Figura 4: Os efeitos do rmTBI na locomoção, exploração e ansiedade em camundongos C57BL / 6J. (A) Traços representativos do movimento de camundongos controle e rmTBI durante 5 min OFT. (BE) Os dados resumidos mostram a distância percorrida nas zonas centrais, a distância total percorrida, a velocidade média de viagem e o tempo gasto nas zonas periféricas, respectivamente. Controle, n=13; rmTBI, n = 12. pág<. 01 vs. controle pelo teste t não pareado. Este número foi modificado de15. Clique aqui para ver uma versão maior desta figura.

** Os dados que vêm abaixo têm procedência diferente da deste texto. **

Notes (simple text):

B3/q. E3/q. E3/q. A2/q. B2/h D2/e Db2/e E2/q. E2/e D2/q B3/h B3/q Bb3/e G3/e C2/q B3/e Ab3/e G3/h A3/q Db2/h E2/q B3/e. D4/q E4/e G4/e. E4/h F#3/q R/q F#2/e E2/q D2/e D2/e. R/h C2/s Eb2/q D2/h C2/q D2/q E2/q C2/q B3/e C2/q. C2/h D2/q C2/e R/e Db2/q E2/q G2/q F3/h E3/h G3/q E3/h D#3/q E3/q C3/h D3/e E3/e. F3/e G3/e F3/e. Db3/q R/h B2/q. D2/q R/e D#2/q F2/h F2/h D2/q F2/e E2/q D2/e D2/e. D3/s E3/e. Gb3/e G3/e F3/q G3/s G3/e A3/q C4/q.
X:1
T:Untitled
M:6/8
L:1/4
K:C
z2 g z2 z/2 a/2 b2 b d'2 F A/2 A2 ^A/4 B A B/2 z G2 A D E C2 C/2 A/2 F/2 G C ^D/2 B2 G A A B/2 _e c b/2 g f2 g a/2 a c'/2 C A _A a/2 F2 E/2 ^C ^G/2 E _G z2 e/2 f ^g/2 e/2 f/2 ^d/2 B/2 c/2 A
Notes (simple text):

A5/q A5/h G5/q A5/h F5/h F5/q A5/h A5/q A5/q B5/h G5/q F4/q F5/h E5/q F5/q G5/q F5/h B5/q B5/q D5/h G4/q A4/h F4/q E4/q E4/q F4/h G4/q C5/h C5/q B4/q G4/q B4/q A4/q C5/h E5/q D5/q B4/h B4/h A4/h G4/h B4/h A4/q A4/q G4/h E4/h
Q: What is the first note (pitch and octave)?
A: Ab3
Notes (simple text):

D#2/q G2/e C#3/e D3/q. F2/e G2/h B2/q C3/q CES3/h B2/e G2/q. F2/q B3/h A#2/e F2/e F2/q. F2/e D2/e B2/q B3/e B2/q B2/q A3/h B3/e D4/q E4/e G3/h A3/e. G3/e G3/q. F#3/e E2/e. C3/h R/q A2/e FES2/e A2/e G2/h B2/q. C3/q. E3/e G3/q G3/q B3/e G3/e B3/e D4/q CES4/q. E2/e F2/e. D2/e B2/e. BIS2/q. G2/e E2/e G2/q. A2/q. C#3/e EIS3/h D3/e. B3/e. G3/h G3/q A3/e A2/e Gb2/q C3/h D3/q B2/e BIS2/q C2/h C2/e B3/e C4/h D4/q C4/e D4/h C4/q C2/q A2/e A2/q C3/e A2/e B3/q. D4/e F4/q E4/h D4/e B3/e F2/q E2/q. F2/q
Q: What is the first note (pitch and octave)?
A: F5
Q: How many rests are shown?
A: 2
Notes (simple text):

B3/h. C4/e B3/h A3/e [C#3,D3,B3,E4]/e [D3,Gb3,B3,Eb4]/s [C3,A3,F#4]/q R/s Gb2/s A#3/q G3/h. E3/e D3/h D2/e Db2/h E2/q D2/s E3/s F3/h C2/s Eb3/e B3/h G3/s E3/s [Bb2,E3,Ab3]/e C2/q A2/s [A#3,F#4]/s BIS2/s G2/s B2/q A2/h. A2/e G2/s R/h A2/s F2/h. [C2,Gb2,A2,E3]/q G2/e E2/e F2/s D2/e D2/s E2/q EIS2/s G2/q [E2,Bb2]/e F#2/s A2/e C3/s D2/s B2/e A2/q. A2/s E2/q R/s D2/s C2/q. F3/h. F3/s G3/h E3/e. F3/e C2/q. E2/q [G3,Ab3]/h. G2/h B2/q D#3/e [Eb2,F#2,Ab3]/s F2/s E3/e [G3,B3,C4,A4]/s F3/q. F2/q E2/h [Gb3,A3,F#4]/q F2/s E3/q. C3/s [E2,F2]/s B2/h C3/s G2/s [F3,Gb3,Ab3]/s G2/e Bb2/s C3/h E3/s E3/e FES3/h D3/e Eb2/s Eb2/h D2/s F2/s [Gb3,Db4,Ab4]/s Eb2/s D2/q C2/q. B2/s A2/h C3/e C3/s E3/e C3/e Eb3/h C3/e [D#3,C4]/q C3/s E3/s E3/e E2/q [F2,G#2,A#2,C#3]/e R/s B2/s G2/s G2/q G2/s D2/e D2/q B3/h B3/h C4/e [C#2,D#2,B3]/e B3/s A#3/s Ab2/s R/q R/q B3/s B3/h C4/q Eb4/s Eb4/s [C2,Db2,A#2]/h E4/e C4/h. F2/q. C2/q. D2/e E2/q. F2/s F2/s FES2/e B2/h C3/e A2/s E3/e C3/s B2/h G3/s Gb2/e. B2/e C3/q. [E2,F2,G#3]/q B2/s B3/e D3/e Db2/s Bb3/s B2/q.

Figura 5: Os efeitos do rmTBI no trabalho espacial e na memória de referência em camundongos C57BL / 6J. (A, B) Traços representativos do movimento de camundongos controle e rmTBI durante o trabalho espacial e avaliações de memória de referência no labirinto Y. O teste de alternância espontânea do labirinto em Y é um método comumente usado para avaliar a memória de curto prazo em modelos de roedores15. (C) Resumo das taxas de alternância espontânea de camundongos controle e rmTBI durante a avaliação do trabalho espacial. Os roedores geralmente preferem explorar um novo braço do labirinto em vez de revisitar um que já exploraram. Um índice de preferência é calculado com base no tempo que os roedores passam no novo braço em comparação com o tempo gasto nos três braços, e esse índice é então analisado. (D) Resumo do índice de preferência de camundongos controle e rmTBI durante a avaliação espacial do trabalho. Controle, n=13; rmTBI, n=12. pág<. 01 vs. controle pelo teste t não pareado. Este número foi modificado de15. Clique aqui para ver uma versão maior desta figura.

Figura 6: Comparação da coloração HE do córtex motor lesionado ipsilateral e da sub-região do giro dentado do hipocampo entre controle e rmTBI em camundongos C57BL / 6J. (A, B) Córtex motor normal; e (C, D) a região hipocampal de camundongos controle em diferentes ampliações. (E, F) Córtex motor lesionado e regiões hipocampais (G, H) de camundongos rmTBI. Os neurônios hipercrômicos no córtex e CA1 podem ter sido ligeiramente afetados pela preparação da cirurgia ou rmTBI sustentado; no entanto, neurônios hipocrômicos (possivelmente lesionados intermediários) e picnóticos (neurônios apoptóticos) foram observados no córtex motor de camundongos rmTBI quando comparados aos neurônios normais nos camundongos controle. Essas características da apoptose neuronal incluíram encolhimento citoplasmático neuronal e do núcleo, acompanhado de aparente vacuolização. Notavelmente, a linha branca de demarcação em (E) representa o limite entre o tecido lesionado e o tecido circundante. Além disso, os neurônios hipercrômicos na sub-região DG (H) possivelmente se referiam a neurônios granulares imaturos e maduros recém-gerados. Os gráficos de barras abaixo mostram a distribuição de neurônios normais e afetados por rmTBI nas sub-regiões (I) do córtex motor e (J) CA1 e (K) DG do hipocampo. Controle, n=13; rmTBI, n = 12, *** p<. 001 vs. controle pelo teste t não pareado. Este número foi modificado de15. Clique aqui para ver uma versão maior desta figura.